Mo Farah's bid for 5,000m title is tough ask, says GB's head of science

Mo Farah

The images of Mo Farah crossing the victory line – arms outstretched as if embracing the world, before kneeling to whisper a silent prayer – are so familiar we have almost become complacent: as if it is something Britain's greatest distance runner merely does at every championships before the Mobot and medal ceremony.

But while bookmakers make Farah the favourite to add the 5,000m world championship title to his 10,000m crown on Friday, the head of science for British athletics fears he is a "long shot".

Barry Fudge, who has looked after Farah at every major championships since 2009, believes doubling up will be harder in Moscow than at London 2012 because there are only six days to recover between finals rather than seven. Fudge also worries that while none of the Kenyan and Ethiopians in Friday's race ran in the 10,000m, Farah's body may not quite sing after Saturday's final and Tuesday's 5,000m heats.

"The extra day makes a huge difference," Fudge says. "His opponents are going to go hard and he's done a 10km and a 5km already. As much as anything it's the damage to the legs from the Mondo track. It's incredibly hard. It is a long shot when you're doubling up. You don't know how your body's going to respond. You do all the training, all the prep, but the human body is one of those things. You just hope that it will be all right."

Another concern for Farah is that, unlike at the Olympics, he has had no access to his coach Alberto Salazar's $50,000 cryosauna – which uses nitrogen gas to lower the body's temperature and reduce inflammation – because it was impossible to get it to Moscow. Instead Farah has been having massages, ice baths and resting as much as possible.

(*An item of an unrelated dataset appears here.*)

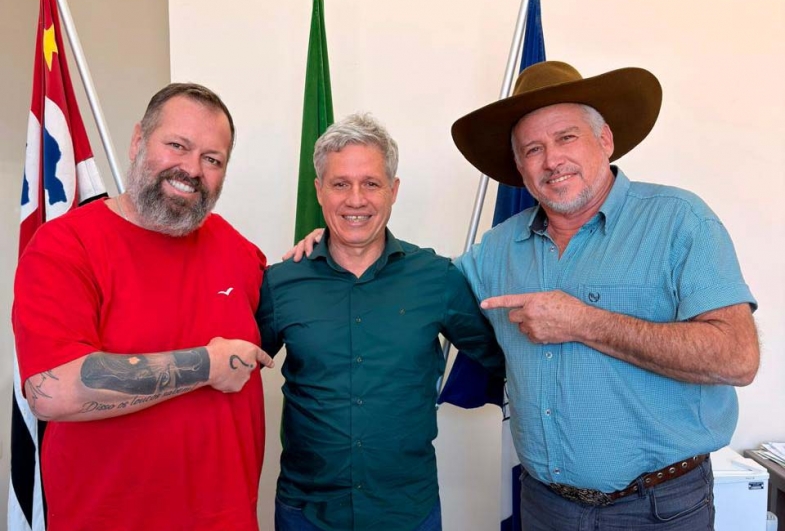 Presidente do PT de Tejupá, Márcio Hernandez, deputado federal Paulo Teixeira e prefeito Roberval de Oliveira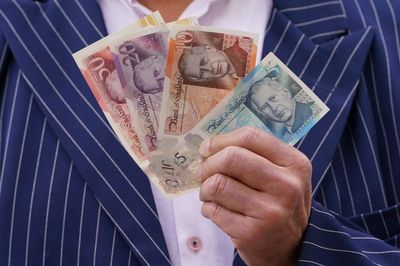 Bank of England seeks views on theme for next series of banknotes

Part of that, Fudge reveals, has involved up to 12 hours sleep a day in an altitude tent. "I won't go into any details because it's our competitive advantage," Fudge says. "But we have a strategy to try to make sure his body still thinks it's at altitude."

If Farah does triumph he would become only the second man, after Ethiopia's Kenenisa Bekele, to win the double-double of 5,000m and 10,000m golds in the Olympics and the following world championships. That, says Fudge, sums up the task he faces. "Most people wouldn't attempt it. Most people can't. The only guys doubling up here are Mo and his training partner Galen Rupp. The Ethiopians and Kenyans aren't. It's hard. If Mo wins a medal he's going against the odds."

Six men in the 5,000m final have faster personal bests than Farah. Partly that is because Farah is a seeker of trophies, not times. But while he could go faster, will he be made to?

After winning the 10,000m, Farah revealed that the silver medallist Ibrahim Jeilan told him the Ethiopians had concocted a plan to blast it hard from the start in an attempt to drain the sprint out of him, only for the itchy heat, cloying humidity – and perhaps also a little fear – to intervene.

"I think they are a little bit intimidated because they know I am capable of running fast at the end," he said. "In the middle I am strong as well. They think, 'We've got to do something different', and sometimes at championships that is not easy."

Farah will face many familiar foes in Friday's final – including Bernard Lagat, the American who was fourth in the 5,000m at London 2012, and Edwin Soi, the 27-year-old Kenyan who beat him in a sprint finish in Eugene in June when Farah had his energy leeched by a virus. But the greatest danger may come from two 19-year-olds: Hagos Gebrhiwet, the highly touted Ethiopian who has a PB of 12:47.53 – six seconds faster than Farah – and Isiah Koech, who won this year's Kenyan trials and has a PB of 12.48.64. Both men came off worst to Farah at London 2012. But they are a year older now; and possibly a year stronger too.

But while Fudge wonders whether Farah is up against it, he is still backing his man. "He's got a great engine and the perfect physiology for a championship runner but his ability to switch off, relax is incredible," he says. "His desire is also incredible. When you are sitting on top of a mountain and you have not seen your family for four months and you're doing 130 miles that's hard. Unless you are 100% committed it's going to be a disaster. There will probably come a day when he gets fed up with it but we're not anywhere near that just now."

Fudge also insists that despite the fame and the glory, Farah has not changed a jot – except in one respect. "Mo is now incredibly confident," he says. "You can see him just walking round the hotel, he knows he's a winner." And he would like to keep it that way.